Efficient Distillation — Swin Transformer Knowledge Distillation for Depth Estimation

NYU ECE-GY 9143 · High Performance Machine Learning · Spring 2026

This project distills a large Swin-Large (~197 M params) vision transformer into a compact Swin-Tiny (~28 M params) student using multi-level knowledge distillation on ImageNet-1K. The distilled student is then repurposed as a frozen feature extractor for monocular depth estimation on NYU-Depth V2 via a DPT head, with further refinement through LoRA fine-tuning and post-training quantization.

1. Project Description

Motivation

Large vision transformers achieve state-of-the-art accuracy but are impractical for deployment due to their size and compute cost. Knowledge distillation transfers the learned representations of a large teacher into a smaller student, closing much of the accuracy gap while keeping the student compact.
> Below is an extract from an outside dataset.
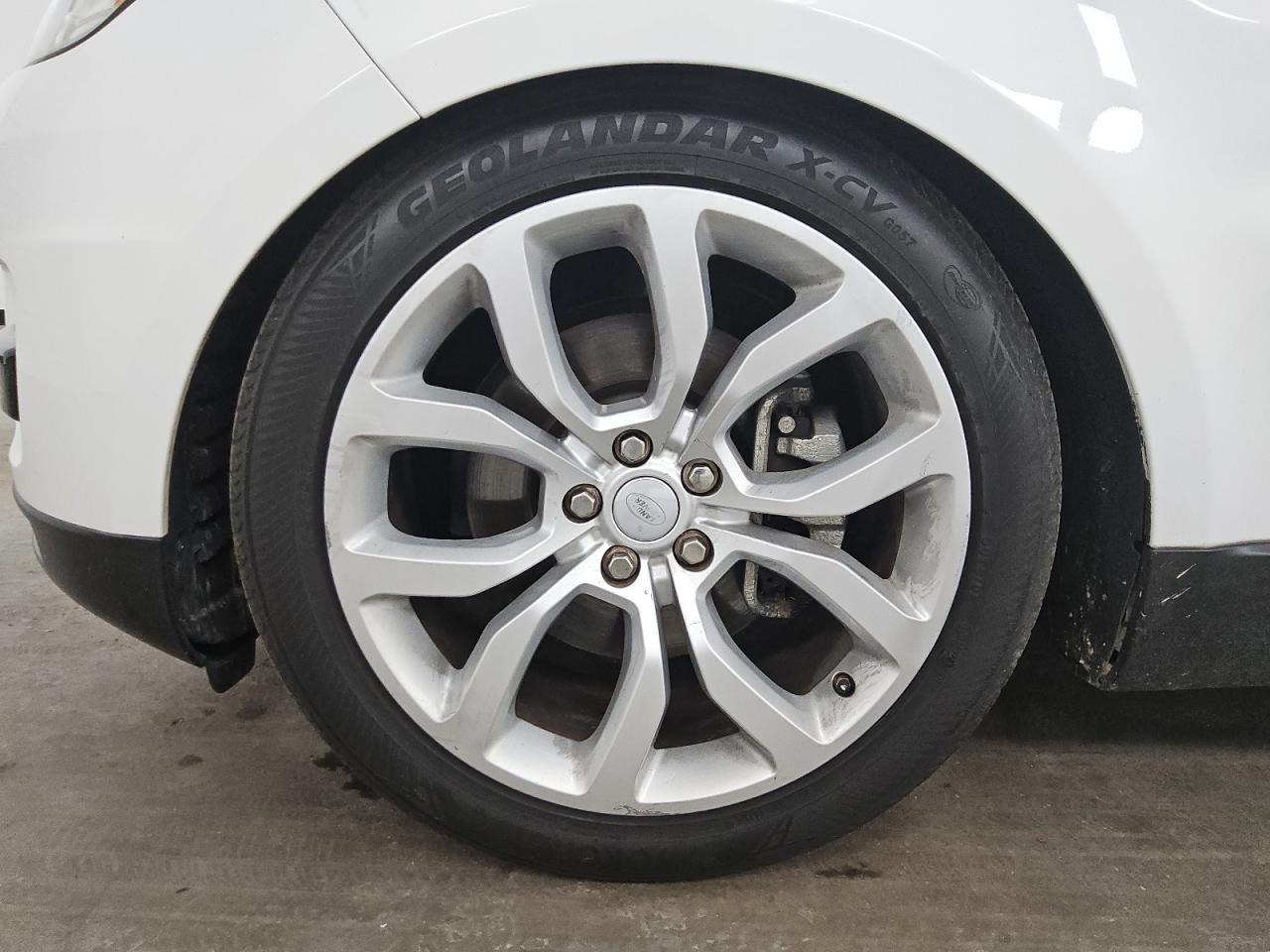 2015 Land Rover Range Rover Sport Hse White vin: SALWR2VF6FA533815 Damage: Left Front Tire, Worn, Replacement Required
This project studies how well a distilled student backbone transfers to a downstream task (monocular depth estimation) without further backbone training, and explores three efficiency techniques: LoRA, post-training quantization, and multi-GPU scaling.

Pipeline Overview

Phase 1 — ImageNet Distillation
─────────────────────────────────────────────────────────────────
Image ──► Teacher (Swin-Large, ~197 M, frozen)
   │           │ Stage features  [C = 192, 384, 768, 1536]
   │           │
   │      Feature Adapter (per stage, 1×1 conv bottleneck)
   │           │ projects student → teacher channel space
   │
   └──► Student (Swin-Tiny, ~28 M) ──► Stage features [C = 96, 192, 384, 768]
                    │
        ┌───────────┴──────────────────────────────────┐
        │           Distillation Losses                 │
        │  • Feature-level cosine / MSE loss            │
        │  • Attention Transfer (AT) loss               │
        │  • Logit KL-Divergence  (τ = 4)               │
        │  • Cross-entropy task loss  (ground-truth)    │
        └───────────────────────────────────────────────┘

Phase 2 — Depth Estimation (NYU-Depth V2)
─────────────────────────────────────────────────────────────────
Image ──► Frozen distilled Swin-Tiny ──► 4 stage features
                                              │
                                      DPT Neck + Head
                                      (Intel/dpt-swinv2-tiny-256)
                                              │
                                       Depth map (B, 1, H, W)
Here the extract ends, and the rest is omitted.